- _What you have to do_
Pictures stay out of the copy. Retype exactly the lines below from the one with "Eternal Starry Night" through the one with "Beautifully handcrafted, historical".
· · · · ·
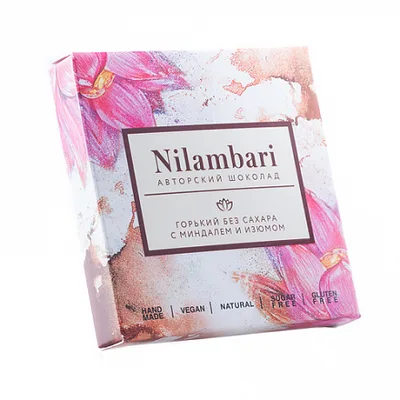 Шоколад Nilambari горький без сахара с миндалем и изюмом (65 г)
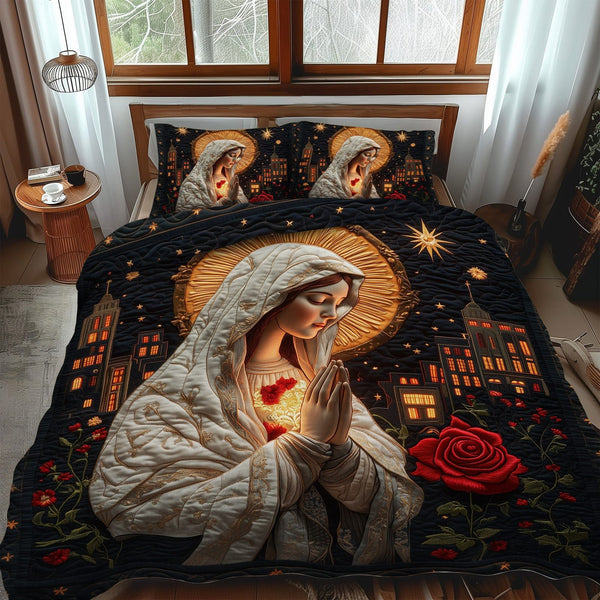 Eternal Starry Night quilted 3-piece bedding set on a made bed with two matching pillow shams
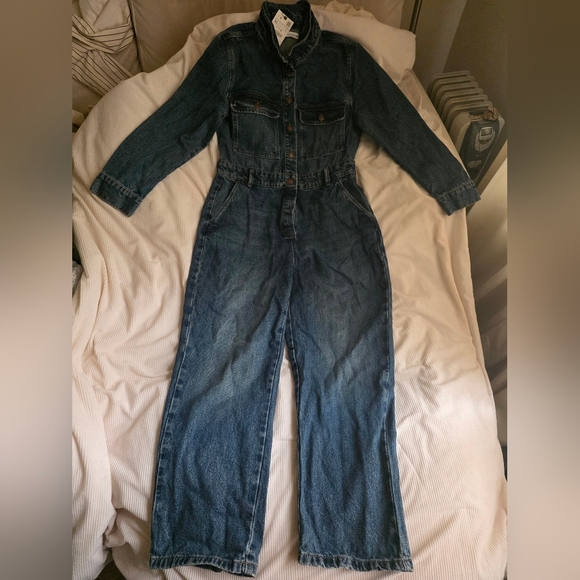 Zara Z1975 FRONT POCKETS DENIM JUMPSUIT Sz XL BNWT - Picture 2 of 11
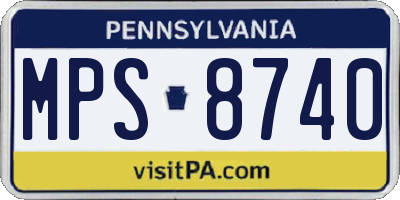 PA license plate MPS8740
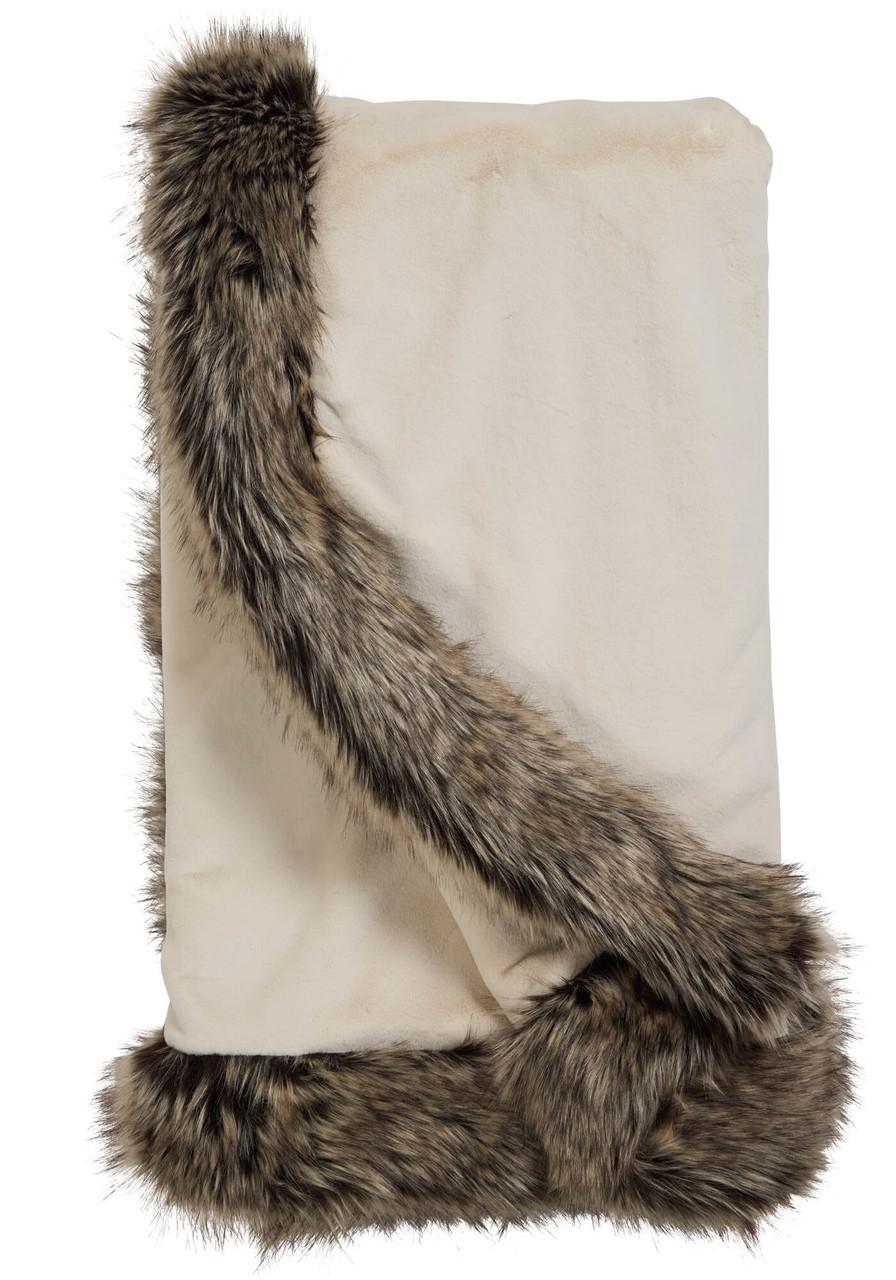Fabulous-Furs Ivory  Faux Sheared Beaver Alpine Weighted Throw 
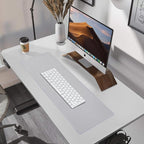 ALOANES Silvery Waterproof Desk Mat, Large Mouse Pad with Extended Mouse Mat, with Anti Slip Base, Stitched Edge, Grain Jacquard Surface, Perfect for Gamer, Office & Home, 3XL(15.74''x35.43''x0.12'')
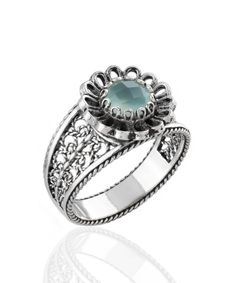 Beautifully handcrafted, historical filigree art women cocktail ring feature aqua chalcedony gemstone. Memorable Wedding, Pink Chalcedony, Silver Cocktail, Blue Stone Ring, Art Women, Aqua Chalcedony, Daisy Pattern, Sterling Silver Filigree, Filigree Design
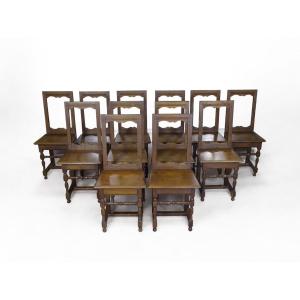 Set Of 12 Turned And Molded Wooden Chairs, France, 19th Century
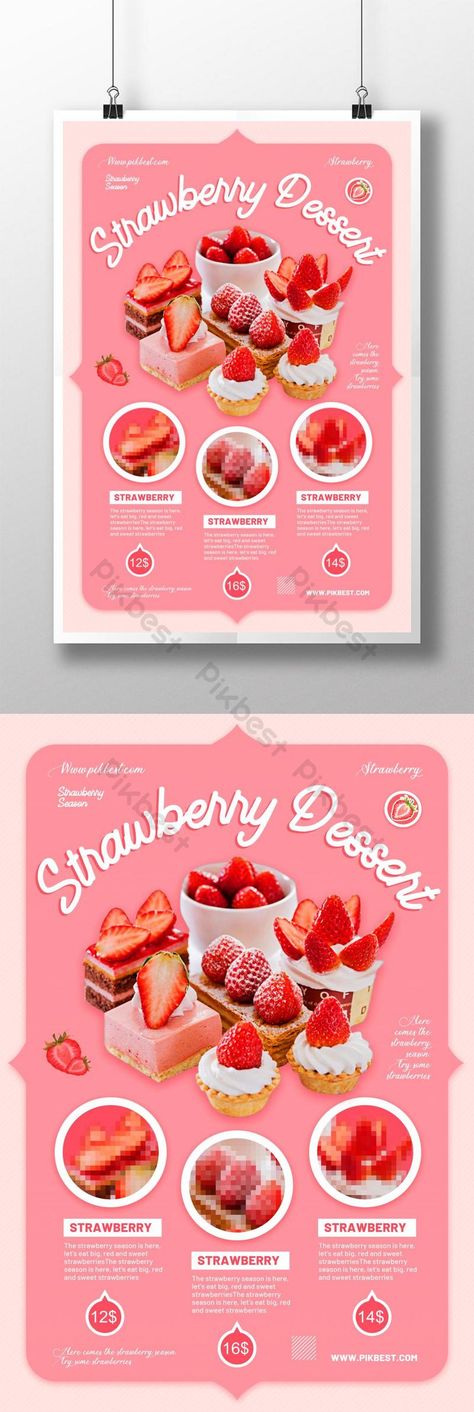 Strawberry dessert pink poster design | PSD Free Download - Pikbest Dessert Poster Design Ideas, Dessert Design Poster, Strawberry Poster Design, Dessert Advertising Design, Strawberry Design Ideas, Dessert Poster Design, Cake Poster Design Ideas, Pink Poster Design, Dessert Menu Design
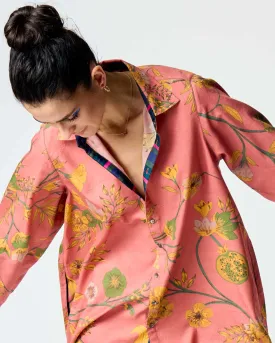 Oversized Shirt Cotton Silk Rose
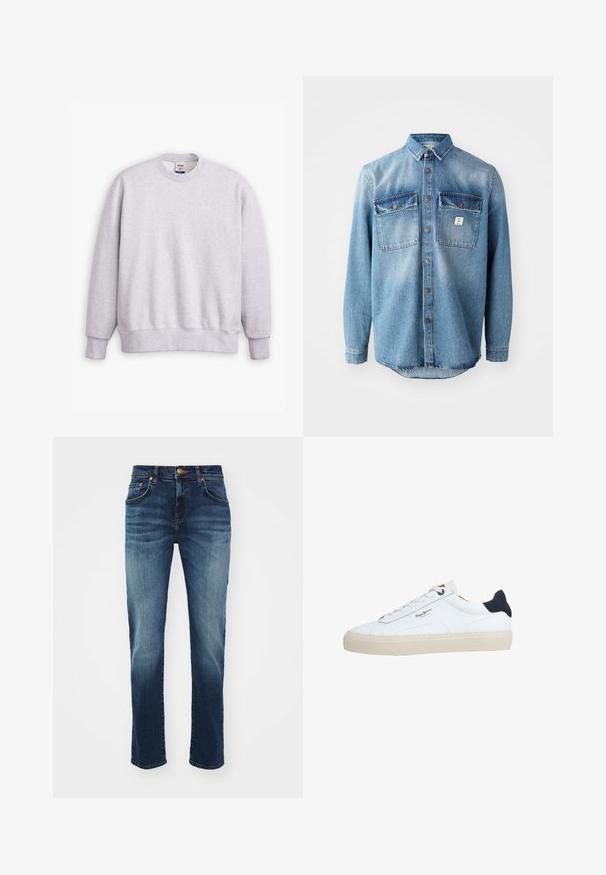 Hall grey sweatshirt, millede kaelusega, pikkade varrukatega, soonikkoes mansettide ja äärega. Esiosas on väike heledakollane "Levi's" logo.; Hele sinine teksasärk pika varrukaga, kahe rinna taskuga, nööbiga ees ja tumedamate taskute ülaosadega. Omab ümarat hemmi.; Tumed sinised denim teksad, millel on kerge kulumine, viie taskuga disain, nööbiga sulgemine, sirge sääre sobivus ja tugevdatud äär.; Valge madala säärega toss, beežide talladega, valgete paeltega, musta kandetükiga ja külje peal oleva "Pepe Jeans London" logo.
· · · · ·
- _Expected output_
 Eternal Starry Night quilted 3-piece bedding set on a made bed with two matching pillow shams
 Zara Z1975 FRONT POCKETS DENIM JUMPSUIT Sz XL BNWT - Picture 2 of 11
 PA license plate MPS8740
Fabulous-Furs Ivory  Faux Sheared Beaver Alpine Weighted Throw 
 ALOANES Silvery Waterproof Desk Mat, Large Mouse Pad with Extended Mouse Mat, with Anti Slip Base, Stitched Edge, Grain Jacquard Surface, Perfect for Gamer, Office & Home, 3XL(15.74''x35.43''x0.12'')
 Beautifully handcrafted, historical filigree art women cocktail ring feature aqua chalcedony gemstone. Memorable Wedding, Pink Chalcedony, Silver Cocktail, Blue Stone Ring, Art Women, Aqua Chalcedony, Daisy Pattern, Sterling Silver Filigree, Filigree Design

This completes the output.